Overseas matters loomed larger and larger in British foreign policy after this. European considerations mattered less, in spite of the change of dynasty in 1714, when the Elector of Hanover became the first king of Great Britain. Though there were some embarrassing moments, British policy remained remarkably consistent, always swinging back to the goals of promoting, sustaining and extending British commerce. Often this was best done by seeking to maintain a general peace, sometimes by diplomatic pressure (as when the Habsburgs were persuaded to withdraw a scheme for an Ostend company to trade with Asia), sometimes by fighting to maintain privileges or strategical advantage.
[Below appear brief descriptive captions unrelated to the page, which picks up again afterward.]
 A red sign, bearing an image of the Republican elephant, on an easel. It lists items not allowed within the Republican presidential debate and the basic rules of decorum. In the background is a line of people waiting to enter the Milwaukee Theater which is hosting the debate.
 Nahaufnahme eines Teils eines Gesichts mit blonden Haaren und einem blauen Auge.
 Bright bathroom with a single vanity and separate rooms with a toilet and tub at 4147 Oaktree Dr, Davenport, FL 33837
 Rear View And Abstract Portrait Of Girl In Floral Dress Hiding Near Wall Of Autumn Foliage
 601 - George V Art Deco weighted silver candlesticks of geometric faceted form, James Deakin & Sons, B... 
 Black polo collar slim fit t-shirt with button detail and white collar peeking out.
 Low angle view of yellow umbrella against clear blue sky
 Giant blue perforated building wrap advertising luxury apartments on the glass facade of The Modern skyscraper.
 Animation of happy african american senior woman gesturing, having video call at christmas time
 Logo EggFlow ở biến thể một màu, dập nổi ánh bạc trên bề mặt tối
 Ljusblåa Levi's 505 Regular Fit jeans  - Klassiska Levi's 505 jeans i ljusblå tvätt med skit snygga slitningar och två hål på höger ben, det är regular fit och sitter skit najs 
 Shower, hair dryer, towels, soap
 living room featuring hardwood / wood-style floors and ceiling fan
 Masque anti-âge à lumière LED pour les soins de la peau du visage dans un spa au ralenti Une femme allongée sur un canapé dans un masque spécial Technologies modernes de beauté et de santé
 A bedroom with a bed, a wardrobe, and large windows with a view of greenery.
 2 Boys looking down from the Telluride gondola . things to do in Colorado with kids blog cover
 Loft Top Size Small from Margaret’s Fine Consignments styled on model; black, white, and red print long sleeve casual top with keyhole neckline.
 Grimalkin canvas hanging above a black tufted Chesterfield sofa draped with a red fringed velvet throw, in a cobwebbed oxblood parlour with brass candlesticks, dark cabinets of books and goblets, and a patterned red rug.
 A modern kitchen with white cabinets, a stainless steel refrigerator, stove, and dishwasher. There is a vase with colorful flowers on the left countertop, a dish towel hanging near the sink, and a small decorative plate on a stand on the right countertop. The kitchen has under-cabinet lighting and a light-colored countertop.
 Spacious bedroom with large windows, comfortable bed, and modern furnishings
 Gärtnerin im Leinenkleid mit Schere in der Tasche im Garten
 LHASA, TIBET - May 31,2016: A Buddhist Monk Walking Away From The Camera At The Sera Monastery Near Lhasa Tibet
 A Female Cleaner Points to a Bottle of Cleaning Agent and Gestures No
The importance of war became clearer and clearer. The first time that two European powers ever went to war on a purely non-European issue came in 1739 when the British government began hostilities with Spain over, in essence, the Spanish right of search in the Caribbean – or, as the Spanish might have put it, over the steps they properly took to secure their empire against abuse of the trading privileges granted in 1713. This was to be remembered as the ‘War of Jenkins’ Ear’ – the organ produced in pickle by its owner in the House of Commons, whose sensitive patriotism was inflamed and outraged to hear of the alleged mutilation by a Spanish coastguard. The conflict soon became caught up with the War of the Austrian Succession, and therefore became an Anglo-French struggle. The peace of 1748 did not much change the respective territorial position of
the two rivals, nor did it end fighting in North America, where the French appeared to be about to cut off the British settlements for ever from the American west by a chain of forts. The British government sent regular contingents to America for the first time in order to meet this danger, but they were unsuccessful; only in the Seven Years’ War did a British minister grasp that the chance of a final decision in the long duel existed because of France’s commitment to her ally Austria in Europe. Once British resources were allocated accordingly, sweeping victories in North America and India were followed by others in the Caribbean, some at the expense of Spain. A British force even seized the Philippines. It was global war.